→ TASK DETAILS: Transcribe only part of the material below: the lines from the one containing "Obraz locks on locks on locks" through the one containing "ABOUT YOU Večerna obleka 'Suki' svetlo modra", inclusive, exactly as written.

→ GIVEN DATA:
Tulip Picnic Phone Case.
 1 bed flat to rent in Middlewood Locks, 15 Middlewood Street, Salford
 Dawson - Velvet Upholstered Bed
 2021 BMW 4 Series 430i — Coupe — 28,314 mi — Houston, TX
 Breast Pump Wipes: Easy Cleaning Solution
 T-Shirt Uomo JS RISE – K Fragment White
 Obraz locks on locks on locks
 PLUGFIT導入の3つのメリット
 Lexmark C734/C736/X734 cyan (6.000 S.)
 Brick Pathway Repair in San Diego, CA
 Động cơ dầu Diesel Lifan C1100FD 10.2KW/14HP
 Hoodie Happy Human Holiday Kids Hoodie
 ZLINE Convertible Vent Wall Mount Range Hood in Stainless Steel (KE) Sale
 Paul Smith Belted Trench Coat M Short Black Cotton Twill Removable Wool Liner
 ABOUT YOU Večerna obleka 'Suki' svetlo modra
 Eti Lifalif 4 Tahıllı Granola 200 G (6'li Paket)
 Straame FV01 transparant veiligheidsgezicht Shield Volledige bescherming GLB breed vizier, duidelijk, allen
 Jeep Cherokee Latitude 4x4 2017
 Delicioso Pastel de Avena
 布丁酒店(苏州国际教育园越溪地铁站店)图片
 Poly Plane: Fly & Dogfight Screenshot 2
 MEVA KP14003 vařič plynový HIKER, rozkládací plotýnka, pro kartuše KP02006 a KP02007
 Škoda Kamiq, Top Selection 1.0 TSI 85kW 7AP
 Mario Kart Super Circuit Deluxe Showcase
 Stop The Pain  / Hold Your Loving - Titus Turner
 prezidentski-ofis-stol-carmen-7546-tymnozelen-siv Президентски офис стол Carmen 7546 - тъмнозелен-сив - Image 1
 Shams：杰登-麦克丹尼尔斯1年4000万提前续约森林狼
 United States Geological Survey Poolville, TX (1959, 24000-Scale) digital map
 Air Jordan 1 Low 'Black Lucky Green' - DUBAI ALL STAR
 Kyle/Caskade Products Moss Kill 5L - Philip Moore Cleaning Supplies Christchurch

→ ANSWER SECTION:
 Obraz locks on locks on locks
 PLUGFIT導入の3つのメリット
 Lexmark C734/C736/X734 cyan (6.000 S.)
 Brick Pathway Repair in San Diego, CA
 Động cơ dầu Diesel Lifan C1100FD 10.2KW/14HP
 Hoodie Happy Human Holiday Kids Hoodie
 ZLINE Convertible Vent Wall Mount Range Hood in Stainless Steel (KE) Sale
 Paul Smith Belted Trench Coat M Short Black Cotton Twill Removable Wool Liner
 ABOUT YOU Večerna obleka 'Suki' svetlo modra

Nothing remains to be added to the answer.